Brian Bullins will present his Pre-FPO "Efficient Higher-Order Optimization for Machine Learning" on Friday, March 15, 2019 at 10am in CS 402.

The members of his committee are as follows: Elad Hazan (adviser), Sanjeev Arora, Mark Braverman, Yuxin Chen (ELE), and Yoram Singer

All are welcome to attend. The talk title and abstract follow below.

Title: Efficient Higher-Order Optimization for Machine Learning

Abstract:

In recent years, stochastic gradient descent (SGD) has taken center stage for training large-scale models in machine learning. Although some higher-order methods have improved iteration complexity in theory, the per-iteration costs render them unusable when faced with millions of parameters and training examples.

In this talk, I will present several of my works which enable higher-order optimization to be as scalable as first-order methods. The first method is a stochastic second-order algorithm for convex optimization, called LiSSA, which uses Hessian information to construct an unbiased Newton step in time linear in the dimension. To bypass the typical efficiency barriers for second-order methods, we harness the ERM structure in standard machine learning tasks.
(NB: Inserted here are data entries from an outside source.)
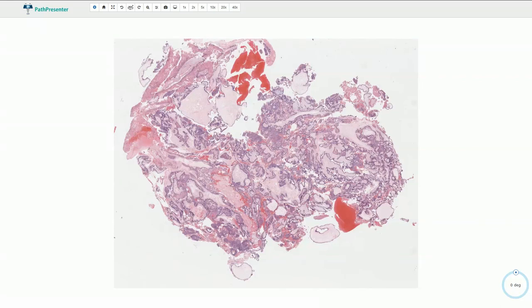Complete hydatidiform mole is a form of gestational trophoblastic disease. Complete mole is diploid and consists of two sets of chromosomes, both from the father. The most common mechanism is fertilization of an ovum without a nucleus — the ovum lacks genetic material and is fertilized by one sperm which then replicates. Less commonly, fertilization of the enucleated ovum by two sperms is seen.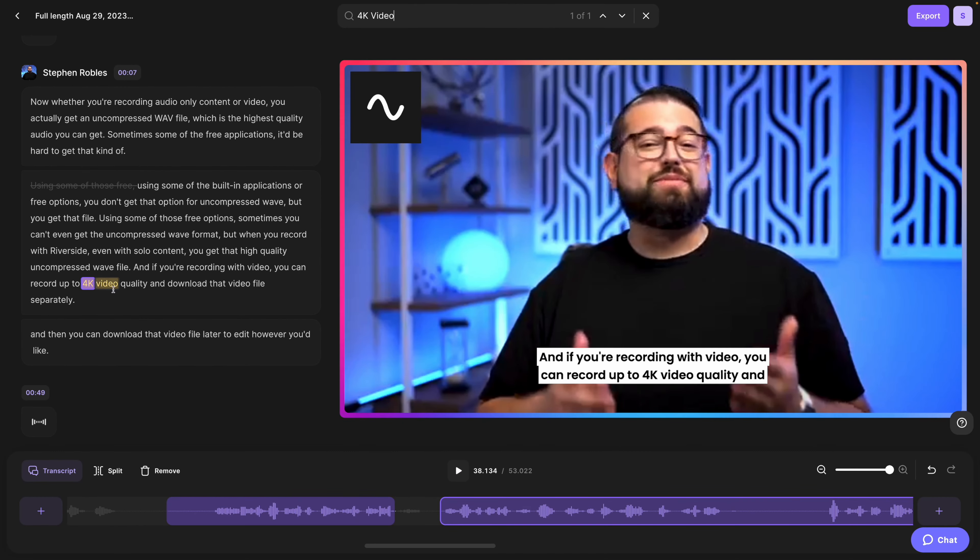First up is custom episode artwork. In addition to your actual show artwork that represents your podcast across the board, there's now custom episode artwork that will show up on the Listen Now page and on an individual show page's episode listing. With every new episode, you have an opportunity to create engaging artwork that will make someone want to tap that episode. Even if someone follows your podcast, it doesn't mean they listen to every episode.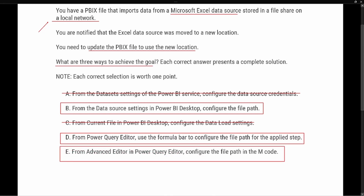So the three correct answers are: change the data source settings from the Power BI desktop and configure the new path; from the Power Query Editor, use the formula bar to configure the file path; or use the Advanced Editor inside the Power Query Editor to configure the file path in the M code.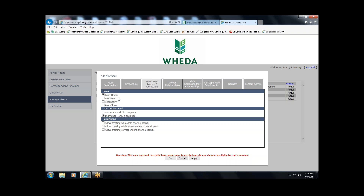Secondary is essentially the equivalent of a lock desk. If your loan officers don't lock and register loans themselves but send an internal request to a lock desk, you would set up your lock desk people or team under the Secondary role. Another group — again, individuals or a team — would be your post-closers: people who, after the loan is closed, prepare origination and closing docs or just closing docs for submission to WIDA.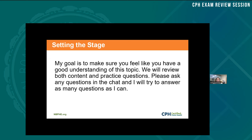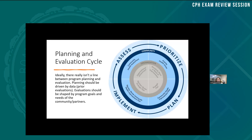We're going to talk about program planning and evaluation as a cycle — one feeds into the other. We'll go through program planning, have practice questions, and then move into evaluation. You really can't do one well without the other. What you learn from prior programs informs future programs. The diagram on this slide shows the terms we use at different levels, from community health assessment at the community level to a smaller organizational needs assessment.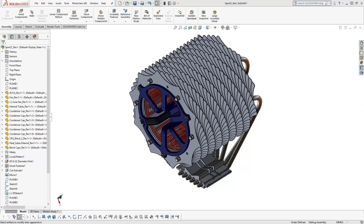SOLIDWORKS assemblies and drawings are fully associative to the part files that are used to create them. This functionality allows us as designers to easily make modifications to our part designs, and the assembly and drawings will automatically reflect the design change. In an opposite manner, we are able to make changes to our parts by modifying dimensions and features at the assembly and drawing level. This is possible due to the linked references created between part, assembly, and drawing files.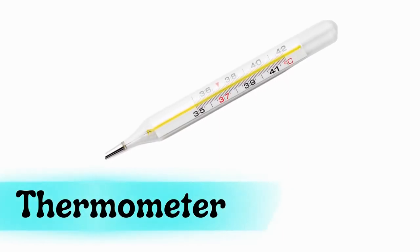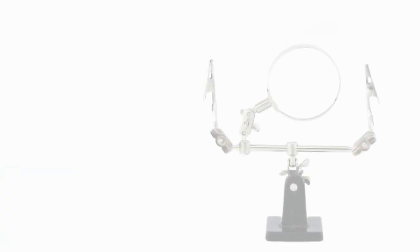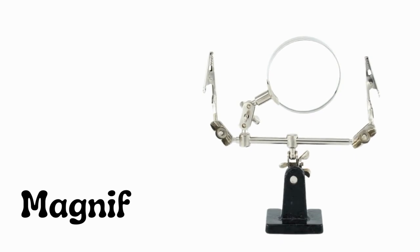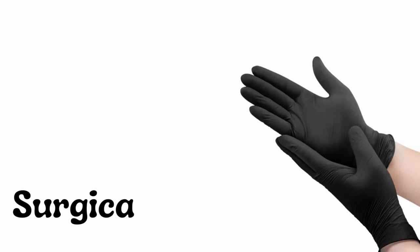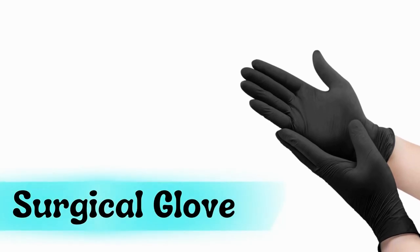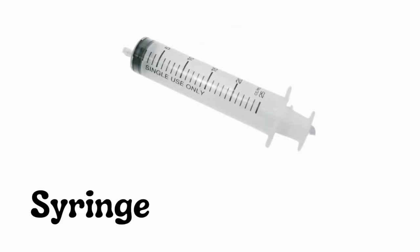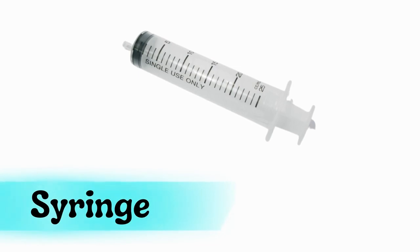Thermometer, magnifier, surgical gloves, face mask, syringe.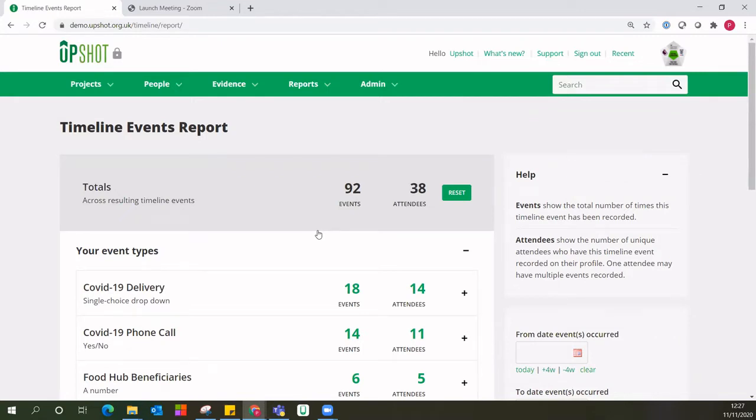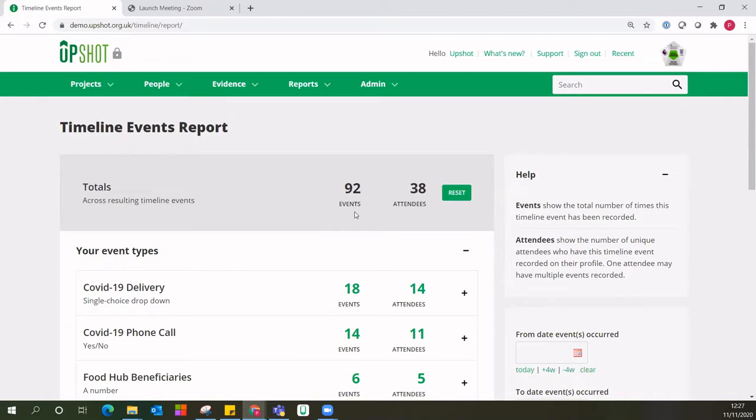The timeline events report will show all of your different timeline events that have been recorded against individuals so far. It will break this down for you in terms of the amount of different unique attendees that have timeline events added to their profiles. So 38 individuals in this instance, they have a total of 92 events recorded against them because one individual might have multiple events recorded against their profile.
While convex problems allow for global convergence, recent state-of-the-art models, such as deep neural networks, highlight the importance of developing a better understanding of non-convex guarantees. In order to handle this challenging setting, I will present FastCubic, a Hessian-based method which provably converges to first-order critical points faster than gradient descent, while additionally converging to second-order critical points. Finally, I will show how our algorithm FastQuartic combines even higher-order information with “highly smooth acceleration” to guarantee even faster convergence for a large class of convex quartic problems.